NYMEX November natural gas traded lower Friday, Oct. 6, even as Tropical Storm Nate continued to head toward the Gulf of Mexico and U.S. oil and natural gas production interests. Despite the anticipation of Nate hitting the key producing area as a Category 1 hurricane late Saturday or early Sunday, cooler weather in the central and eastern U.S. associated with the storm put pressure on values.
The contract fell to a $2.856/MMBtu low and settled the session 6.0 cents lower on the day at $2.863/MMBtu.
The market continues to look to weather to assess weekly injections with eyes on storage at the end of the titular injection season Oct. 31.
The total working gas supply climbed just 42 Bcf to 3,508 Bcf in the week to Sept. 29. With comparisons to the 76-Bcf addition in the same week a year ago and the 91-Bcf five-year-average injection, the modest surplus to the five-year average turned to a deficit of 8 Bcf, the first time inventories have registered below the five-year average since the week of Jan. 20 and the year-on-year deficit widened to 161 Bcf.

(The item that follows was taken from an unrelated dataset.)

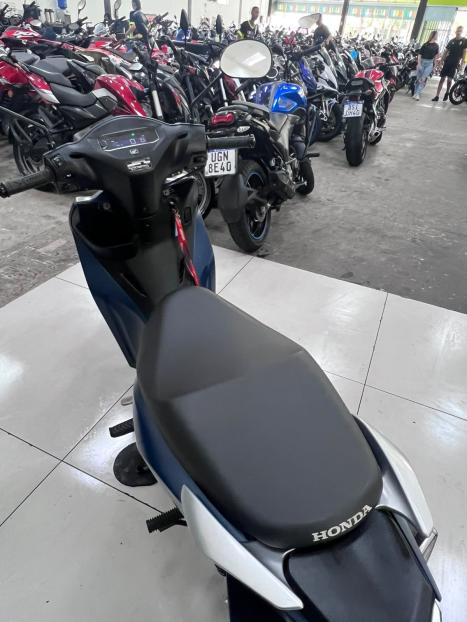 HONDA Biz 125 EX, Foto 11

The market had anticipated a 51-Bcf build to stocks for the review week as injections were seen hampered by lingering warm weather that brought 91.7% more cooling-degree days than normal for the week.
Demand slackened in the week to Oct. 4 as cooler weather prevailed. The U.S. Energy Information Administration said total U.S. consumption of natural gas fell by 14% compared with the previous report week, with power-generation consumption down 24% week over week, industrial-sector consumption up 2% week over week and residential- and commercial-sector consumption down 13%.
Early outlooks for the next inventory report that will cover the week to Oct. 6 call for a build in the upper 80s Bcf, near the five-year-average injection of 87 Bcf and the 79-Bcf injection reported for the same week in 2016.
Beyond the forthcoming storage report, temperature forecasts offer some upside momentum for the market as the National Weather Service's six- to 10-day projection points to above-average temperatures for the eastern third of the country that could inspire late-season cooling demand.
Over the eight- to 14-day period the above-average temperatures are expected to engulf nearly the entire eastern half of the U.S. and expand into the west central and Southwest.
Given the calendar, above-average temperatures should still allow cooling demand to dissipate ahead of any significant ramp up in heating demand.
Tropical Storm Nate, last seen about 125 miles east-southeast of Cozumel, Mexico, and about 210 miles north-northeast of Isla Guanaja, Honduras, packing sustained winds of 50 miles per hour as it moves north-northwest at 21 mph, is anticipated to reach the southern Gulf of Mexico tonight. The storm will approach the northern Gulf Coast on Saturday and then move near or over the northern Gulf Coast by Saturday night or Sunday, the National Hurricane Center said. Nate is expected to pound the Gulf region as a Category 1 hurricane.
The Bureau of Safety and Environmental Enforcement said based on operator reports, it is estimated that approximately 71.1% of the current oil production in the Gulf of Mexico has been shut-in, which equates to 1,243,753 barrels of oil per day. Approximately 53.2% of the natural gas production, or more than 1.7 Bcf/d in the Gulf of Mexico, has been shut-in.
The supply-side impact from shut-in production should be minimized by the demand-side impact of cooler weather associated with the storm.
Cash gas values were lower as traders moved a three-day product with softer weekend demand weighing of values.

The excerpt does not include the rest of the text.